Information given:

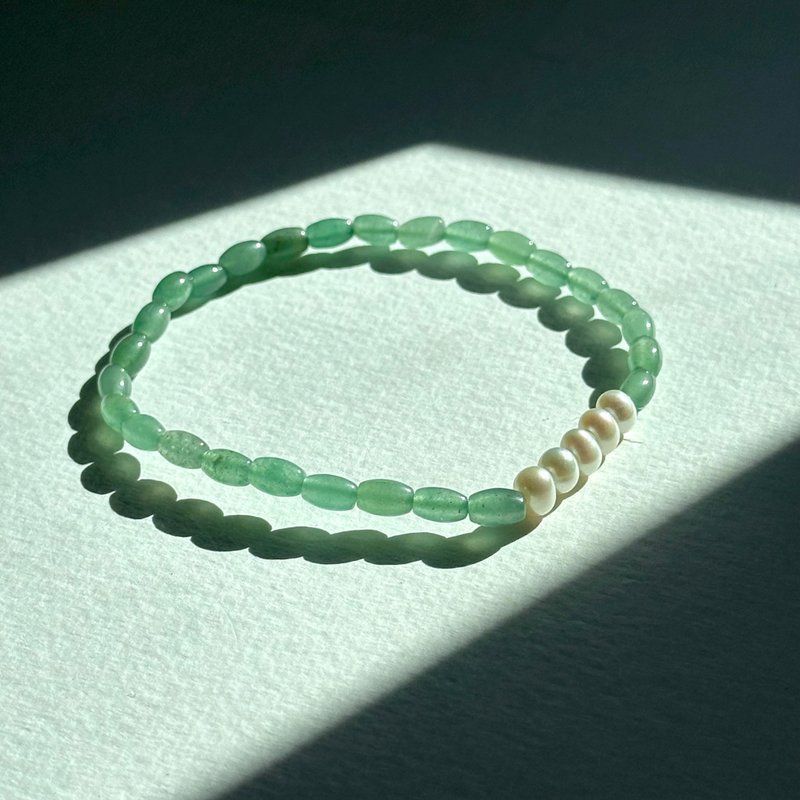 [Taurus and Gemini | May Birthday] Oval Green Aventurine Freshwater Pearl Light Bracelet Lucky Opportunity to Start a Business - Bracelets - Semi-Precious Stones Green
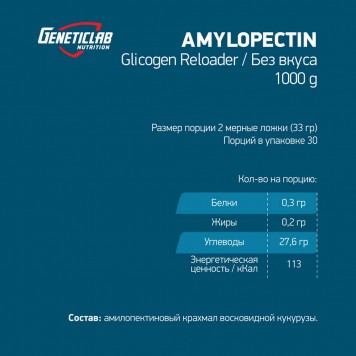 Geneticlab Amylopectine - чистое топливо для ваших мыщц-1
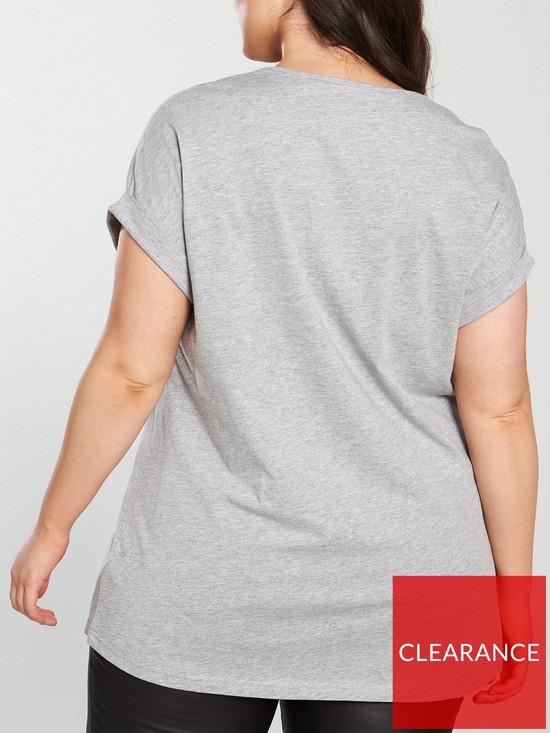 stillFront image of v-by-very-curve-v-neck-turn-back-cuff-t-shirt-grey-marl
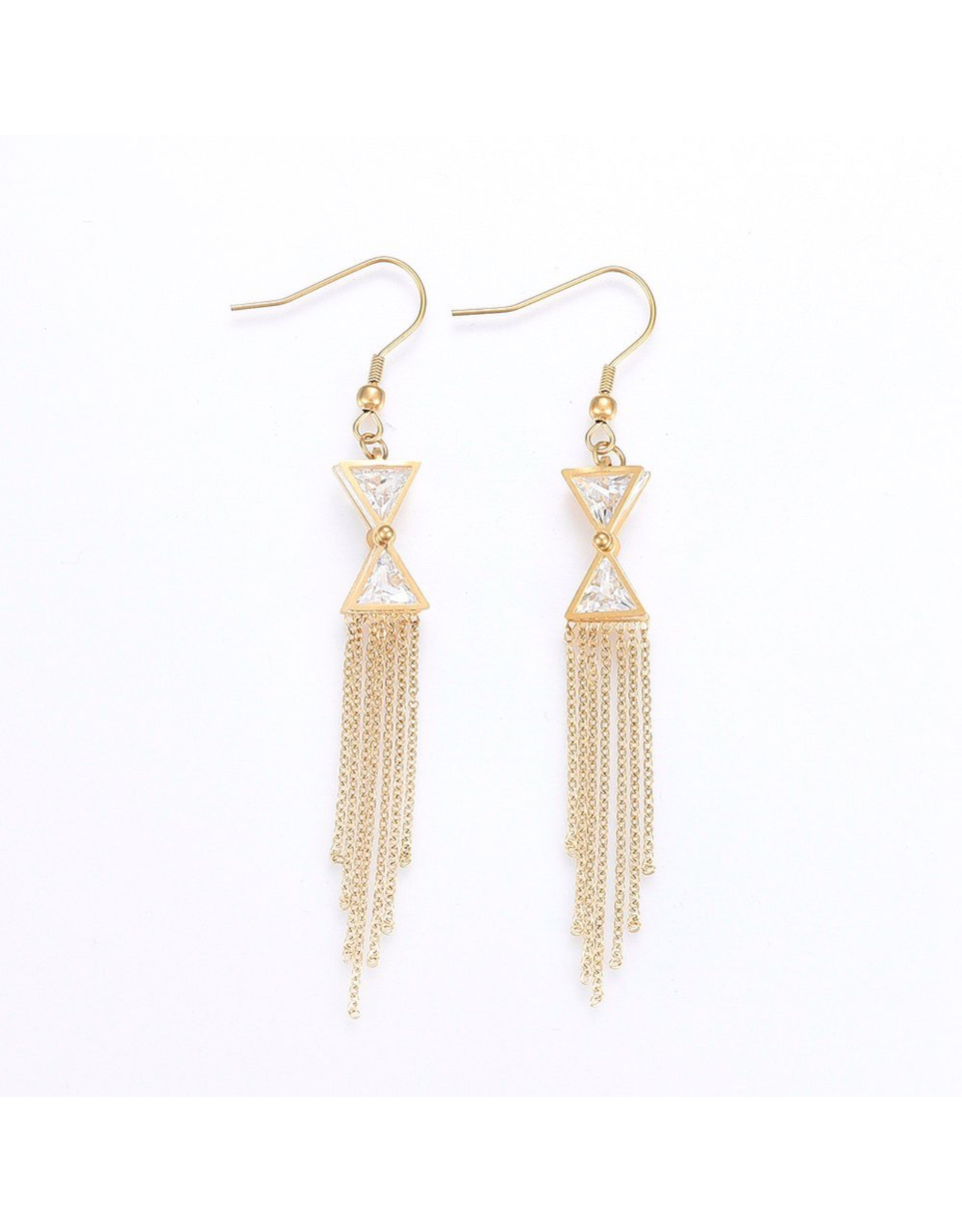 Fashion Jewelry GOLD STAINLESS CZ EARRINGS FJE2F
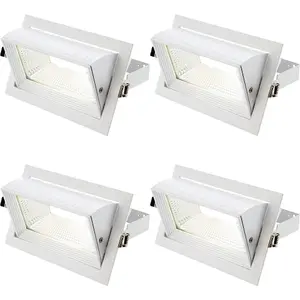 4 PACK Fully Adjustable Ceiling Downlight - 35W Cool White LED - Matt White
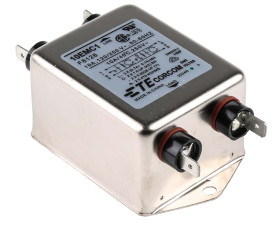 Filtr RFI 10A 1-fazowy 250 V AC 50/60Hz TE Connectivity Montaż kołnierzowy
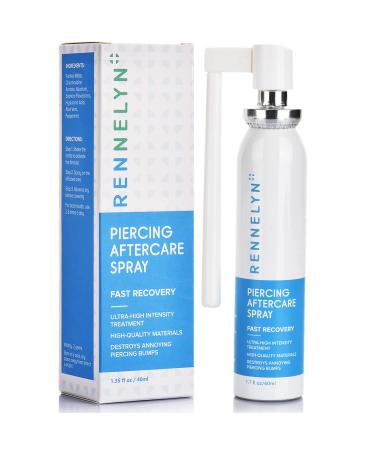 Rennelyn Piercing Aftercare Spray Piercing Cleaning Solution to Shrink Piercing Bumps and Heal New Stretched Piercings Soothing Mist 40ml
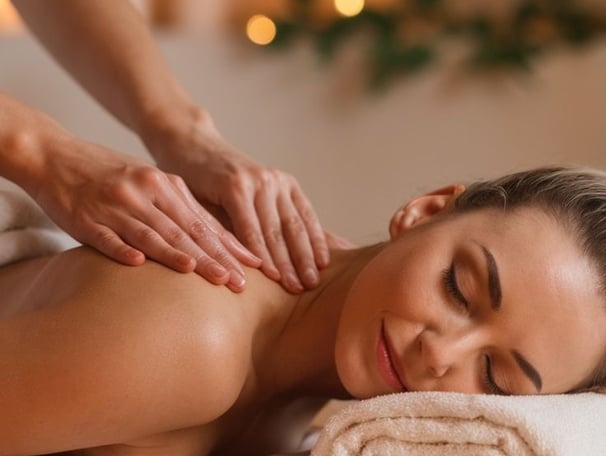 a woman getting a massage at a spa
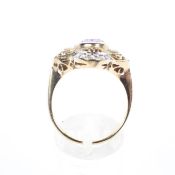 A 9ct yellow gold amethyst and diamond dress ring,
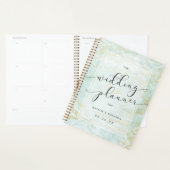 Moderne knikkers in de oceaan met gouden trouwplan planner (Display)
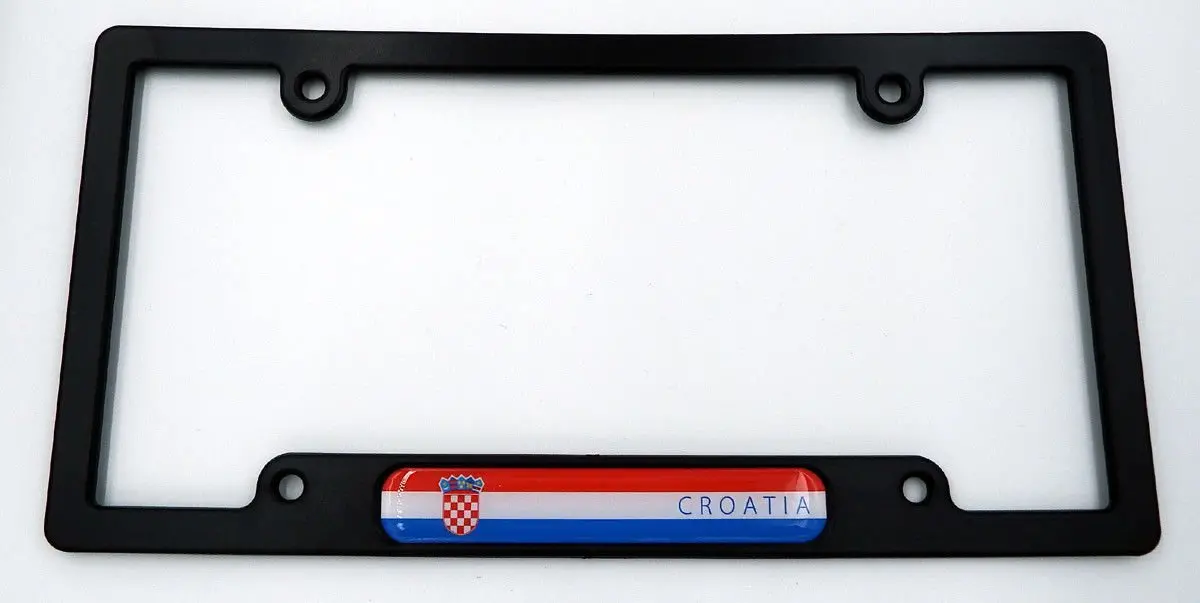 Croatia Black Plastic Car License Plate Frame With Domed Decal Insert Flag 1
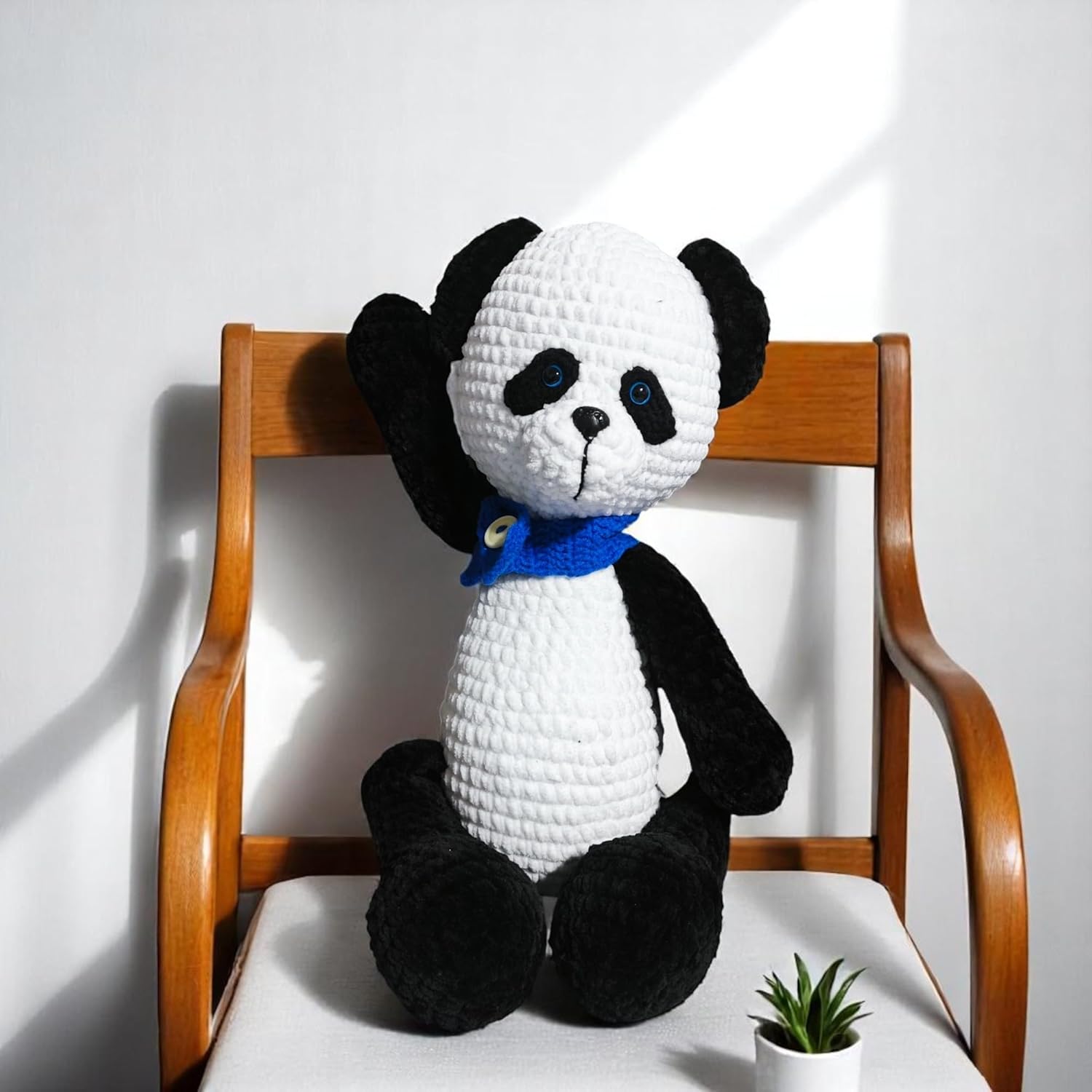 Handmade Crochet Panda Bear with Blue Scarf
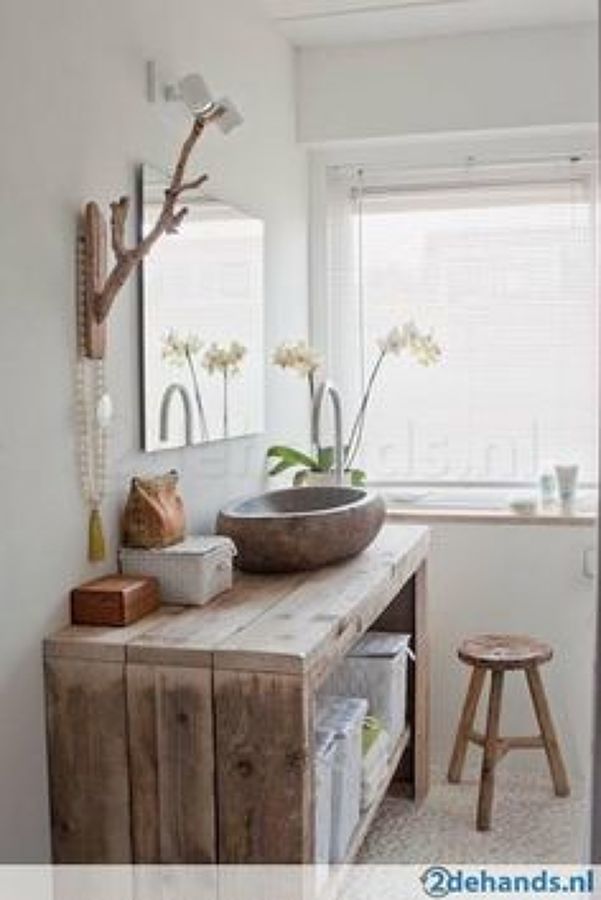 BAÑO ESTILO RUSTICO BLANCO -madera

Requirement: Copy exactly the lines from the line holding "A 9ct yellow" to the final line of the listing, and leave the pictures out.

Solved problem:
 A 9ct yellow gold amethyst and diamond dress ring,
 Moderne knikkers in de oceaan met gouden trouwplan planner (Display)
 Croatia Black Plastic Car License Plate Frame With Domed Decal Insert Flag 1
 Handmade Crochet Panda Bear with Blue Scarf
 BAÑO ESTILO RUSTICO BLANCO -madera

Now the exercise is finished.